Open questions for the synthesizer

  1. sut_digest granularity. Hashing the whole graph/ + recipes/ tree (my choice) vs. an explicit allowlist of files the rubric declares it cares about. The former is simple and over-invalidates; the latter is precise and under-invalidates on hidden coupling. I picked the former. If the best-practices lens wants per-task-class declared SUT footprints, surface that — it is a real fork.
  2. Sandbox concurrency knob. The runner reads sandbox_max_concurrent from Phase 5 config. Is there a documented Phase 5 config key for this? If not, this design effectively requires one — either I declare a default (e.g., 4) and the operator overrides via --concurrency, or Phase 5 ships the config first. Coordinate with the security lens, which may want it lower.
  3. Cache scope at task-class introduction. When a brand-new task class lands (e.g., migration-chainguard-distroless in Phase 6.5's seed-3-cases step), should the harness require zero cache hits on its first run, or does normal cache-key derivation already cover the "fresh registration" case? My answer: the latter (cache key includes case_digest, which is novel for new cases — automatic miss). Confirm.

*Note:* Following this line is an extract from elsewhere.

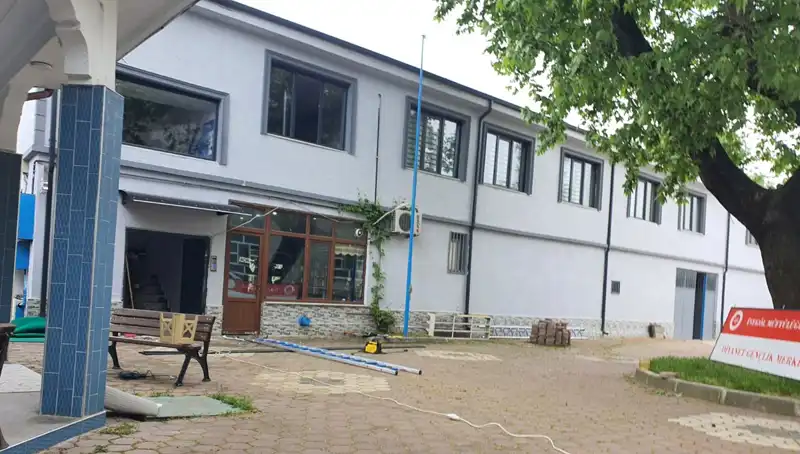 Tabela Takarken 3 Metreden Düşen Adamın Hayatta Kalma Mücadelesi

  4. Live-LLM eval cadence outside CI. ADR-0016 §Decision §5 says nightly. CI runs cassettes. When does the live eval (against real Anthropic API) run? Once per cassette re-record? Once per recipe-set release? This is a calibration-cadence question that touches my --max-cost-usd default; I picked $5.00 conservatively. The synthesizer should pick a cadence and tune the default.
  5. Promotion verdict consumers. I emit PromotionVerdict as the final JSONL line, but no Phase 6.5 component reads it. ADR-0016 says promotion is an explicit, ADR-anchored decision. Is there a future-phase consumer (Phase 12 / Phase 16) that will read runs.jsonl + the latest verdict and surface "this task class is eligible for promotion" to operators? If yes, document the contract for runs.jsonl here so it survives. If no, the verdict is documentation-only — that's fine, but call it out.
  6. Bench tarball format. I picked repo.tar.zst level 3 for 3× decompress speed over gzip. The security lens may want a signed archive; the best-practices lens may want plain git-archive for diffability. The performance answer is zstd; surface if the others fork.